2  Open science for collaboration

2.1 Goals and motivation

This is the second module in our workshop on open science. This module will explore some open science tools to help you and your team become better collaborators and to better engage your science with external partners. We’ll introduce some essential elements of collaboration and discuss some readily available tools for doing so.

  • Goal: understand methods of collaboration and the pros/cons of various tools
  • Motivation: start building the tools for your open science toolbox

2.2 Essential elements of collaboration

We start our deep dive into open science by focusing on collaboration as a fundamental activity that can be enhanced through transparent, efficient, and reproducible tools. Having effective tools to work together is a critical theme of many open science practices.

2.2.1 Workflow management

How do you organize your work each day? How do you make sure projects are on schedule and pressing deadlines are met? How do you plan for short-term and long-term goals? Do you have a five-year, ten-year, or longer career plan?

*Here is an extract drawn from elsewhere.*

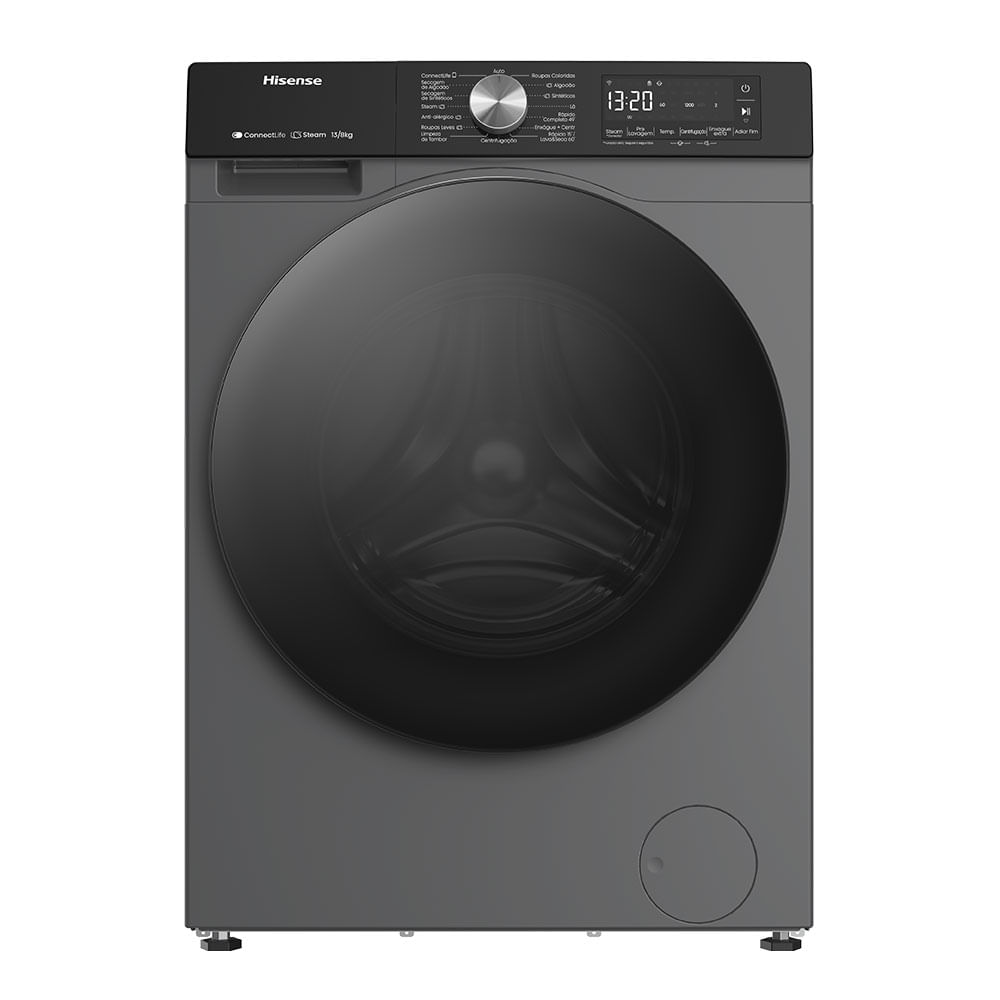 Lava e Seca Hisense Steam, 13 Kg, com 13 Programas de Lavagem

Work to achieve goals cannot be accomplished without a systematic approach to organizing tasks. Chances are, we each have our own system that works for us that was probably developed through trial and error. Although everyone has familiar workflows, they are often idiosyncratic and deeply entrenched by habit. These comfortable workflows can be in direct conflict with collaboration when we try to mesh them with the habits of others.

Does this look familiar?

Although the above comic from xkcd speaks directly to file management, it hints at a broader problem of personal information management that can seriously complicate working with others. I’m sure we’ve all struggled to find that one file for that one project from a vague recollection of seeing it a few months ago.

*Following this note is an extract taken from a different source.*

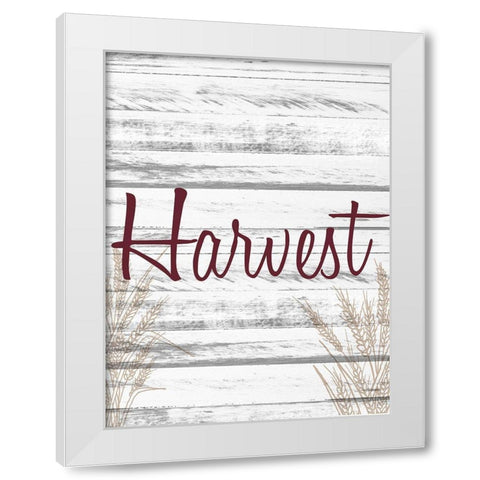Harvest White Modern Wood Framed Art Print by Allen, Kimberly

Collaborative work can be facilitated through workflow management that helps you break out of old habits. We’ll introduce some specific internet-based tools below to facilitate workflows either for yourself or, better yet, working with others. These can help propel you towards open science.

2.2.2 Version control

A specific problem for workflow management that can be solved by open science tools is file management. Workflows can be immensely enhanced by tools that use strict guidelines for tracking changes and allowing a complete view of the evolution of a project. This is where version control comes in.

I’m sure many of you have fallen into this trap:

Version control is a way to track the development history of a project. It serves the joint purposes of:

  1. Formally documenting the changes that have been made to code, software, or text
  2. Making sure that the development history is permanent
  3. Providing a system for collaborating across platforms (with friends!)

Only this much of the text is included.